There are quite a few minor procedures that can be provided in a physician's office and are typically performed under local anesthesia. These can include the following types of procedures: excisions, biopsies, and destructions. When the procedure is more involved, such as a radical removal for a malignancy, the simple closure is included in the procedure, but if there is a plastic repair with skin graft performed this is coded separately.
Maternity and Delivery Care
Maternity and delivery care can be found in the subsection 59000 – 59899 of the CPT Manual. The procedures for delivery include vaginal, cesarean, vaginal delivery after a previous cesarean, and cesarean delivery following an attempted vaginal delivery after a previous cesarean. The use of modifier 51 is appended when twins or multiple births are delivered vaginally. This modifier would not be used with twins delivered by cesarean since only one cesarean was performed.

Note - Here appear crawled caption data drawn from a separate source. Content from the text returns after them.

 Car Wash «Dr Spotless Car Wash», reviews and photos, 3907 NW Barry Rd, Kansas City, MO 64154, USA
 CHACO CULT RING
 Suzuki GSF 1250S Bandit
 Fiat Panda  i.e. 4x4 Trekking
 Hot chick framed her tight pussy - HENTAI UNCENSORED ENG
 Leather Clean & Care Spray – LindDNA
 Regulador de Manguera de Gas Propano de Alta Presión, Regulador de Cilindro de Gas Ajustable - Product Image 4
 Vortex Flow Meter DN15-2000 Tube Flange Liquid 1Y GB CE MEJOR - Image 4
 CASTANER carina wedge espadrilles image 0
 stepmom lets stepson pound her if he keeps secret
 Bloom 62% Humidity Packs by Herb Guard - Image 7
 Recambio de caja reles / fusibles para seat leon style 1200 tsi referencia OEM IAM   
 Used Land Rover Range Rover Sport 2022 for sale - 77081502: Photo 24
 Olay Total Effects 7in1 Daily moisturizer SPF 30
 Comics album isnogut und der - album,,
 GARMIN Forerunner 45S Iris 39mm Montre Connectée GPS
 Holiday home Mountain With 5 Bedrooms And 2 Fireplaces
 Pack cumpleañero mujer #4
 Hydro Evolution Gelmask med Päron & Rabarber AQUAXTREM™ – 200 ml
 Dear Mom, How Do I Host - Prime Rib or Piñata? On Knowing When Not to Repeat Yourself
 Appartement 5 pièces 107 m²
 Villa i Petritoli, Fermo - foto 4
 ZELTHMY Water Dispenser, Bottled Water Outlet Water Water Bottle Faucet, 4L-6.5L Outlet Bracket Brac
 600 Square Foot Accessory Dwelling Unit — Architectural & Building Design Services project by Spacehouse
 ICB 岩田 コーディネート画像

There are other procedures related to maternity that may be performed either before the delivery, such as amniocentesis, or after the delivery, such as postpartum curettage or episiotomy. The surgical approach for these procedures is very similar to what we have covered so far in the other subsections of surgery.
There are many types of procedures for abortion, but there are four categories of abortions. These include the following:
- Spontaneous abortion, which may not require surgical intervention.
- Incomplete abortion, which is when a spontaneous abortion requires surgical intervention due to remaining fetal tissue.
- Missed abortion is when the fetus has died at some point during the pregnancy but remains in the uterus – this requires surgical intervention.
- Septic abortion: has the attributes of a missed abortion, but the complication of an infection has occurred.
Some questions to ask when coding maternity and delivery:
- Did the physician perform a vaginal or cesarean birth?
- How many pregnancies has the patient carried to term and delivered? What was the method of delivery of the previous births?
- Did the physician perform the entire antepartum and postpartum care?